▶ **Activity**
With nothing added or dropped, output every record below exactly.

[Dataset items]
════════════════════

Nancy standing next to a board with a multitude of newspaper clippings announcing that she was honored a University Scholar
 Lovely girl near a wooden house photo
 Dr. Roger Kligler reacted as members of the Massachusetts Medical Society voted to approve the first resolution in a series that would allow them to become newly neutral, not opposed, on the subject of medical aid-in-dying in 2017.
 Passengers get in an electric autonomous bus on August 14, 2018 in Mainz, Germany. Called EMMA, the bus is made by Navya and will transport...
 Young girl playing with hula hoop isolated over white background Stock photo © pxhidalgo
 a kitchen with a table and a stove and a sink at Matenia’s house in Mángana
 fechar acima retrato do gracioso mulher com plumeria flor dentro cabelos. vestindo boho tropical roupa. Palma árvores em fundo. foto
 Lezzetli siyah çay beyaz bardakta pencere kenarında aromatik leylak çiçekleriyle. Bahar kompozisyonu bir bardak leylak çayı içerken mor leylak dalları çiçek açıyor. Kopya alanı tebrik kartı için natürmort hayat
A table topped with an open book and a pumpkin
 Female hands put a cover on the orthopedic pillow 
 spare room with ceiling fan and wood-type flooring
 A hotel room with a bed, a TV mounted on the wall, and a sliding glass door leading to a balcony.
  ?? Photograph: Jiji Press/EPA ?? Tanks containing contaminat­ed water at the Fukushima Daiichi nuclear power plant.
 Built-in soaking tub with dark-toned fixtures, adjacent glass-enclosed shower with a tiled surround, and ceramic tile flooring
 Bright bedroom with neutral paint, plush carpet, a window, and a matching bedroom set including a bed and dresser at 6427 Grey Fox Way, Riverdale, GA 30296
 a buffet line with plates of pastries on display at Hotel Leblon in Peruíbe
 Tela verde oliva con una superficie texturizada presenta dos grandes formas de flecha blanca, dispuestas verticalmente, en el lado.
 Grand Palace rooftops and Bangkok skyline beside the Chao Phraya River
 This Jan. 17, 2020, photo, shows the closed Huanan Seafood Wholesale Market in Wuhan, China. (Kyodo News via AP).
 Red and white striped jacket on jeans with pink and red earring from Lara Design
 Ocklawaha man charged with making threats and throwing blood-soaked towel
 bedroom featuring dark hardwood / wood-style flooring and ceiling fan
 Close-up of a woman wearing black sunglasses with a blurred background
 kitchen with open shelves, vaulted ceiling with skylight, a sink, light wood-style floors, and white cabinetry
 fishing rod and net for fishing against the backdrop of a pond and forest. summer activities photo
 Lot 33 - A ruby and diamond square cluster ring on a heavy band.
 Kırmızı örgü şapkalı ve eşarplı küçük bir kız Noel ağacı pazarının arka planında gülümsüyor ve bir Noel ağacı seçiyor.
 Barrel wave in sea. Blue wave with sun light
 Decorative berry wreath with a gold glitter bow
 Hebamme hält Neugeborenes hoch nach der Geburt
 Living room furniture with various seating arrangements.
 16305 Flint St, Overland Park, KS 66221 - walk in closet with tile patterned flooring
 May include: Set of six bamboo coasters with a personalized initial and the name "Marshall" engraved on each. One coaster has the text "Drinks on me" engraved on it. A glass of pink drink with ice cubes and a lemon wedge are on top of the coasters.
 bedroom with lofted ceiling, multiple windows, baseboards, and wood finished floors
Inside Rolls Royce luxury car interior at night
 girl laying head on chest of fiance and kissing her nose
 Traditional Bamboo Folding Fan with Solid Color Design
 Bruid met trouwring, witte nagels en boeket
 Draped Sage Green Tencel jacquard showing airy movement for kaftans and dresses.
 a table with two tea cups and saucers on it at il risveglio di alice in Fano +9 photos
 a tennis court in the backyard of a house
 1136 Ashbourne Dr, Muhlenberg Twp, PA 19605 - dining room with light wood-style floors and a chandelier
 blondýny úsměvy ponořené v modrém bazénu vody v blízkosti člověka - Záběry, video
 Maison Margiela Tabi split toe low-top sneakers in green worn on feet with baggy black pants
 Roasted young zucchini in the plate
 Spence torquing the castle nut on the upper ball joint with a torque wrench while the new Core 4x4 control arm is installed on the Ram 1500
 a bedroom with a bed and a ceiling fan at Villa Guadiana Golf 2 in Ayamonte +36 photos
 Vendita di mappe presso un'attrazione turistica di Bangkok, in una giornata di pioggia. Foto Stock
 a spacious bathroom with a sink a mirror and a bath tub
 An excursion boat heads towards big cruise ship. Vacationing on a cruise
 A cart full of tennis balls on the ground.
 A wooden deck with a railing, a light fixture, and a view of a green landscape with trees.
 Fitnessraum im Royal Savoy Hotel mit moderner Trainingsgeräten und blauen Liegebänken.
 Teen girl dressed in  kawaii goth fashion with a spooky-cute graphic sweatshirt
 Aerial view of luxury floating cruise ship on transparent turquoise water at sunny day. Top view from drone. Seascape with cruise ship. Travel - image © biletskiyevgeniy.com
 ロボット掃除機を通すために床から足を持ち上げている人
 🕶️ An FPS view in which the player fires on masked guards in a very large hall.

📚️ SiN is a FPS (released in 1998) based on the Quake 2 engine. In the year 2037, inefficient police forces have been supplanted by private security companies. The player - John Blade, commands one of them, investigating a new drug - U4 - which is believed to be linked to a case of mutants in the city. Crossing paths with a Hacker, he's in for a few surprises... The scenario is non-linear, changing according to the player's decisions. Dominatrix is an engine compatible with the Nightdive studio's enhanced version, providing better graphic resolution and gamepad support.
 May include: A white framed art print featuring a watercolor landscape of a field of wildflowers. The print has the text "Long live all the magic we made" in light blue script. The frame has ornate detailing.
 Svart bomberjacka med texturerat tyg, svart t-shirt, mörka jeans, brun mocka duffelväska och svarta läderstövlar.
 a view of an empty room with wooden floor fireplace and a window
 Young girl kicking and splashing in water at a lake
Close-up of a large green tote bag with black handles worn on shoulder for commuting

════════════════════

▶ **Solution to this task**
Nancy standing next to a board with a multitude of newspaper clippings announcing that she was honored a University Scholar
 Lovely girl near a wooden house photo
 Dr. Roger Kligler reacted as members of the Massachusetts Medical Society voted to approve the first resolution in a series that would allow them to become newly neutral, not opposed, on the subject of medical aid-in-dying in 2017.
 Passengers get in an electric autonomous bus on August 14, 2018 in Mainz, Germany. Called EMMA, the bus is made by Navya and will transport...
 Young girl playing with hula hoop isolated over white background Stock photo © pxhidalgo
 a kitchen with a table and a stove and a sink at Matenia’s house in Mángana
 fechar acima retrato do gracioso mulher com plumeria flor dentro cabelos. vestindo boho tropical roupa. Palma árvores em fundo. foto
 Lezzetli siyah çay beyaz bardakta pencere kenarında aromatik leylak çiçekleriyle. Bahar kompozisyonu bir bardak leylak çayı içerken mor leylak dalları çiçek açıyor. Kopya alanı tebrik kartı için natürmort hayat
A table topped with an open book and a pumpkin
 Female hands put a cover on the orthopedic pillow 
 spare room with ceiling fan and wood-type flooring
 A hotel room with a bed, a TV mounted on the wall, and a sliding glass door leading to a balcony.
  ?? Photograph: Jiji Press/EPA ?? Tanks containing contaminat­ed water at the Fukushima Daiichi nuclear power plant.
 Built-in soaking tub with dark-toned fixtures, adjacent glass-enclosed shower with a tiled surround, and ceramic tile flooring
 Bright bedroom with neutral paint, plush carpet, a window, and a matching bedroom set including a bed and dresser at 6427 Grey Fox Way, Riverdale, GA 30296
 a buffet line with plates of pastries on display at Hotel Leblon in Peruíbe
 Tela verde oliva con una superficie texturizada presenta dos grandes formas de flecha blanca, dispuestas verticalmente, en el lado.
 Grand Palace rooftops and Bangkok skyline beside the Chao Phraya River
 This Jan. 17, 2020, photo, shows the closed Huanan Seafood Wholesale Market in Wuhan, China. (Kyodo News via AP).
 Red and white striped jacket on jeans with pink and red earring from Lara Design
 Ocklawaha man charged with making threats and throwing blood-soaked towel
 bedroom featuring dark hardwood / wood-style flooring and ceiling fan
 Close-up of a woman wearing black sunglasses with a blurred background
 kitchen with open shelves, vaulted ceiling with skylight, a sink, light wood-style floors, and white cabinetry
 fishing rod and net for fishing against the backdrop of a pond and forest. summer activities photo
 Lot 33 - A ruby and diamond square cluster ring on a heavy band.
 Kırmızı örgü şapkalı ve eşarplı küçük bir kız Noel ağacı pazarının arka planında gülümsüyor ve bir Noel ağacı seçiyor.
 Barrel wave in sea. Blue wave with sun light
 Decorative berry wreath with a gold glitter bow
 Hebamme hält Neugeborenes hoch nach der Geburt
 Living room furniture with various seating arrangements.
 16305 Flint St, Overland Park, KS 66221 - walk in closet with tile patterned flooring
 May include: Set of six bamboo coasters with a personalized initial and the name "Marshall" engraved on each. One coaster has the text "Drinks on me" engraved on it. A glass of pink drink with ice cubes and a lemon wedge are on top of the coasters.
 bedroom with lofted ceiling, multiple windows, baseboards, and wood finished floors
Inside Rolls Royce luxury car interior at night
 girl laying head on chest of fiance and kissing her nose
 Traditional Bamboo Folding Fan with Solid Color Design
 Bruid met trouwring, witte nagels en boeket
 Draped Sage Green Tencel jacquard showing airy movement for kaftans and dresses.
 a table with two tea cups and saucers on it at il risveglio di alice in Fano +9 photos
 a tennis court in the backyard of a house
 1136 Ashbourne Dr, Muhlenberg Twp, PA 19605 - dining room with light wood-style floors and a chandelier
 blondýny úsměvy ponořené v modrém bazénu vody v blízkosti člověka - Záběry, video
 Maison Margiela Tabi split toe low-top sneakers in green worn on feet with baggy black pants
 Roasted young zucchini in the plate
 Spence torquing the castle nut on the upper ball joint with a torque wrench while the new Core 4x4 control arm is installed on the Ram 1500
 a bedroom with a bed and a ceiling fan at Villa Guadiana Golf 2 in Ayamonte +36 photos
 Vendita di mappe presso un'attrazione turistica di Bangkok, in una giornata di pioggia. Foto Stock
 a spacious bathroom with a sink a mirror and a bath tub
 An excursion boat heads towards big cruise ship. Vacationing on a cruise
 A cart full of tennis balls on the ground.
 A wooden deck with a railing, a light fixture, and a view of a green landscape with trees.
 Fitnessraum im Royal Savoy Hotel mit moderner Trainingsgeräten und blauen Liegebänken.
 Teen girl dressed in  kawaii goth fashion with a spooky-cute graphic sweatshirt
 Aerial view of luxury floating cruise ship on transparent turquoise water at sunny day. Top view from drone. Seascape with cruise ship. Travel - image © biletskiyevgeniy.com
 ロボット掃除機を通すために床から足を持ち上げている人
 🕶️ An FPS view in which the player fires on masked guards in a very large hall.

📚️ SiN is a FPS (released in 1998) based on the Quake 2 engine. In the year 2037, inefficient police forces have been supplanted by private security companies. The player - John Blade, commands one of them, investigating a new drug - U4 - which is believed to be linked to a case of mutants in the city. Crossing paths with a Hacker, he's in for a few surprises... The scenario is non-linear, changing according to the player's decisions. Dominatrix is an engine compatible with the Nightdive studio's enhanced version, providing better graphic resolution and gamepad support.
 May include: A white framed art print featuring a watercolor landscape of a field of wildflowers. The print has the text "Long live all the magic we made" in light blue script. The frame has ornate detailing.
 Svart bomberjacka med texturerat tyg, svart t-shirt, mörka jeans, brun mocka duffelväska och svarta läderstövlar.
 a view of an empty room with wooden floor fireplace and a window
 Young girl kicking and splashing in water at a lake
Close-up of a large green tote bag with black handles worn on shoulder for commuting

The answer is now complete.